Question XFX 5700 XT Cards

Anthony

Mitglied
Mitglied seit
Nov 28, 2020
Beiträge
22
Bewertungspunkte
6
Punkte
2
Preface: @Mini_Me has demonstrated profound knowledge when modding the 5700 XT series of graphics cards, and for those looking for an awesome tutorial, please reference https://www.igorslab.de/community/threads/gigabyte-5700-xt-bios-mod-fails.3304/.

Story: At the present time, I own 40 XFX 5700 XT video cards; I have 40 more on order to make a total quantity of 80 cards. With this many cards, squeezing out an additional 1 MegaHash (MH) from each card would translate into +80MH. Out of the box, the stock bios on these XFX 5700 XT cards reflects about 51MH per card. With bios modifications and tweaks, it is possible for me to obtain between 54MH-56MH per card.

Configuration: I have 5 rigs in operation and soon I will have 5 more in operation. Each rig uses 8 cards. I am using HiveOS to manage my rigs.

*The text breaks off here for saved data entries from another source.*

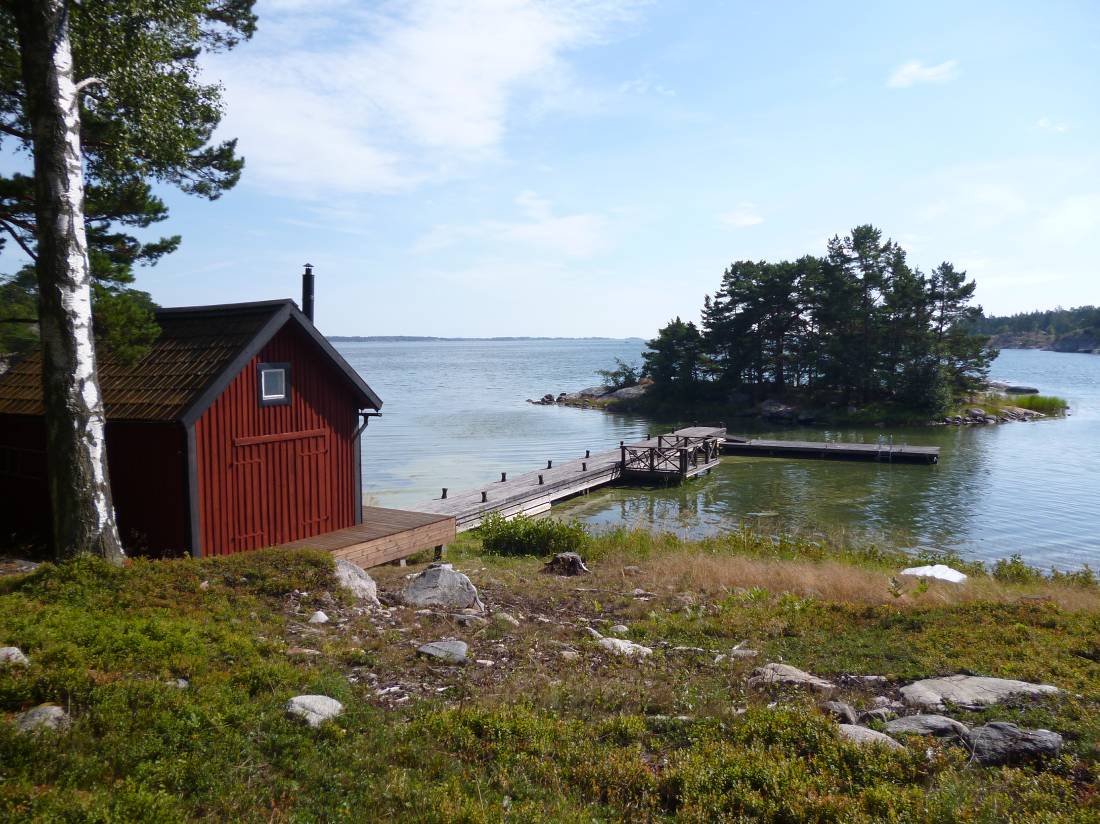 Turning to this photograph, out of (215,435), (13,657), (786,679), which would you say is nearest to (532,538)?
(215,435)

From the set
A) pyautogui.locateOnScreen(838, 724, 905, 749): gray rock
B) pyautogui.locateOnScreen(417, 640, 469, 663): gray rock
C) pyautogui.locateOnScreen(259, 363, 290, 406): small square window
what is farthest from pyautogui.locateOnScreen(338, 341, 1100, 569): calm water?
pyautogui.locateOnScreen(838, 724, 905, 749): gray rock

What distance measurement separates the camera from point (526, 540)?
1933cm

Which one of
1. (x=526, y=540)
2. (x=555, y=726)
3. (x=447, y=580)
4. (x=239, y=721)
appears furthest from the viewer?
(x=526, y=540)

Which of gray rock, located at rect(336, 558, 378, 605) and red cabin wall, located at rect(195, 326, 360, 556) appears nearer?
gray rock, located at rect(336, 558, 378, 605)

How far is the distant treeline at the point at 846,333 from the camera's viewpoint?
193 feet

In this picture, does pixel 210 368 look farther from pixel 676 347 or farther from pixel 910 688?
pixel 676 347

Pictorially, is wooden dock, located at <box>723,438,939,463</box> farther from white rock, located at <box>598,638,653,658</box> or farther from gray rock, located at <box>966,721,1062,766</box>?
gray rock, located at <box>966,721,1062,766</box>

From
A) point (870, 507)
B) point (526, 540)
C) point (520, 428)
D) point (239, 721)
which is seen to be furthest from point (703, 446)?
point (239, 721)

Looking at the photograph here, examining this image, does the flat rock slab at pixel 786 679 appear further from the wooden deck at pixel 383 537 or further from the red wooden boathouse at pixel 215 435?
the red wooden boathouse at pixel 215 435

The importance of bios modifications: Basically, using bios modifications allows each card to provide a better hashrate -- and as hashrate increases, potential ETH mined increases. (More Hash == More $$). Bios modifications also change how each card consumes electricity -- and aside from the initial cost of computer components, electricity is the second greatest cost when it comes to mining.
  • Stock Bios: 80 Cards x 51MH from each card = 4.080GH
  • Modified Bios: 80 Cards x (54MH || 56MH) = (4.320GH || 4.480GH).
The delicate balance in bios modification reflects a specific relationship between: 1.) Power Consumption, 2.) Temperature, 3.) Hashrate, and 4.) Stability vs. Instability. In my opinion, the goal of proper bios modification means that: (a.) each card consumes as little power as necessary, (b.) each card remains within "safe" temperatures to prevent card damage, (c.) each card produces the maximum hashrate, (d.) each card remains stable, which is to say that the card does not produce "invalid" shares or other errors that get in the way of making money.

The above mentioned thread link reflects a dialogue between two members, @Mini_Me and @AlleyCat. The thread is several pages long because it reflects a series of tests (trials, errors, and new trials with new errors, etc.) with different bios values and with different values in HiveOS. There are multiple variables in play (both on the bios tweaking side with MPT and RBE and on the software tweaking side in HiveOS), and changing one variable influences other variables. The thread is so long because many different settings were tried out in order to achieve the best possible result for specific card manufacturers, in this case manufacturer Sapphire and manufacturer Gigabyte.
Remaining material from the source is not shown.